• _WORK INSTRUCTION_
Only the lines from the one containing "It is wrinkled, but" to the end of the data should be copied, exactly and without pictures.

• _SOURCE DATA_
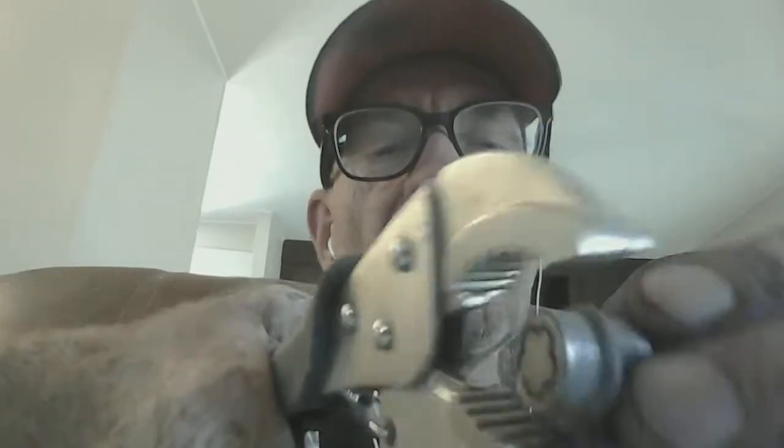Once I got that off, I could see the lock mechanism. What most people on YouTube show is using a screwdriver to get underneath this lip right here and pry it out — it's just a little keeper that keeps it in there. What I did was clamp a pair of vice grips on it, hit it with a hammer nice and hard, and it came right out.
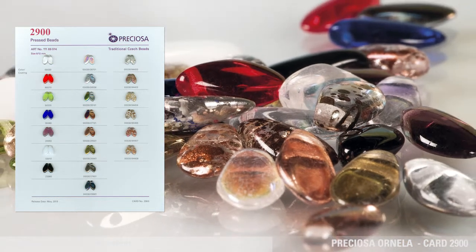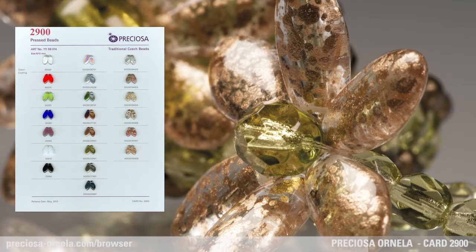The bead is available in the basics — crystal, alabaster, and black glass — as well as in an additional 4 transparent glass colors. A relatively wide range of 29 surface finishes can be applied as well.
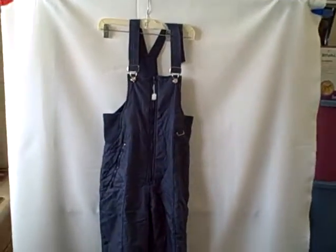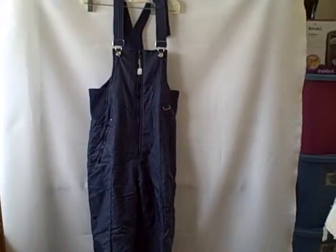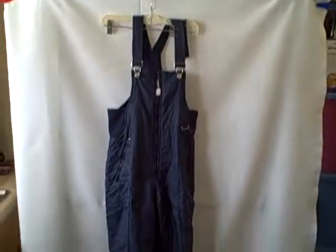It is wrinkled, but other than that in real good shape. JC Penney, size small, ladies snowsuit — it's got two small nicks. Thank you.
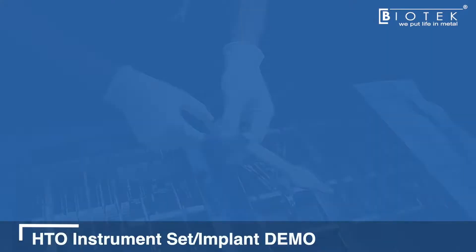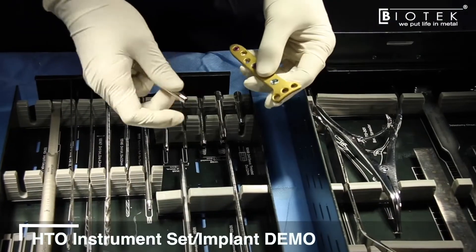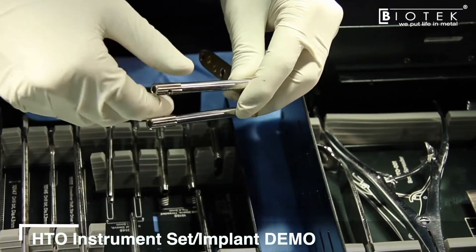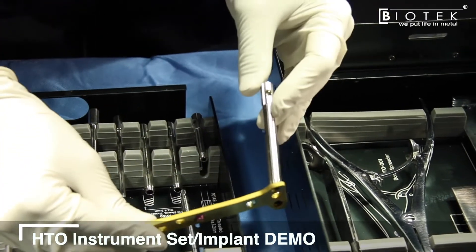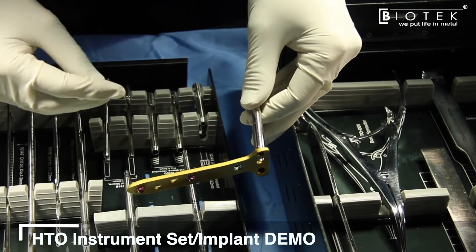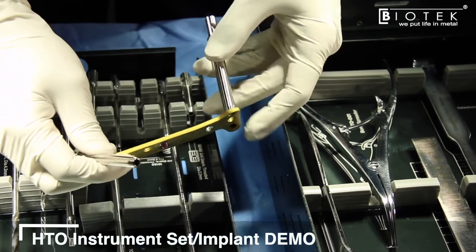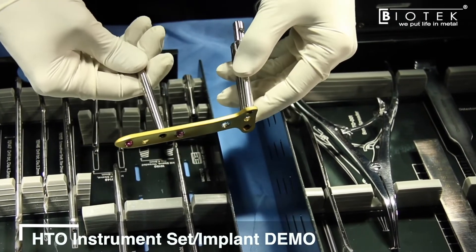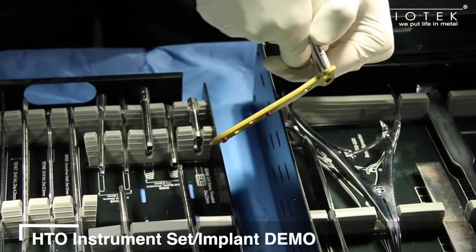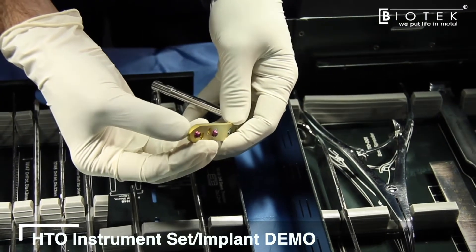Once the osteotomy is performed and the desired opening is achieved, the Biofix implant is used. It comes with four locking sleeves angled at 15 degrees inferiorly, greatly reducing the risk of perforating the articular surface if the plate height is adjusted properly. Two sleeves can be placed in two holes and used as a driver to slide the plate into the incision site. The beveled profile of the plate allows it to glide in freely just superficial to the periosteum.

• _RESPONSE TO THE TASK_
It is wrinkled, but other than that in real good shape. JC Penney, size small, ladies snowsuit — it's got two small nicks. Thank you.
Once the osteotomy is performed and the desired opening is achieved, the Biofix implant is used. It comes with four locking sleeves angled at 15 degrees inferiorly, greatly reducing the risk of perforating the articular surface if the plate height is adjusted properly. Two sleeves can be placed in two holes and used as a driver to slide the plate into the incision site. The beveled profile of the plate allows it to glide in freely just superficial to the periosteum.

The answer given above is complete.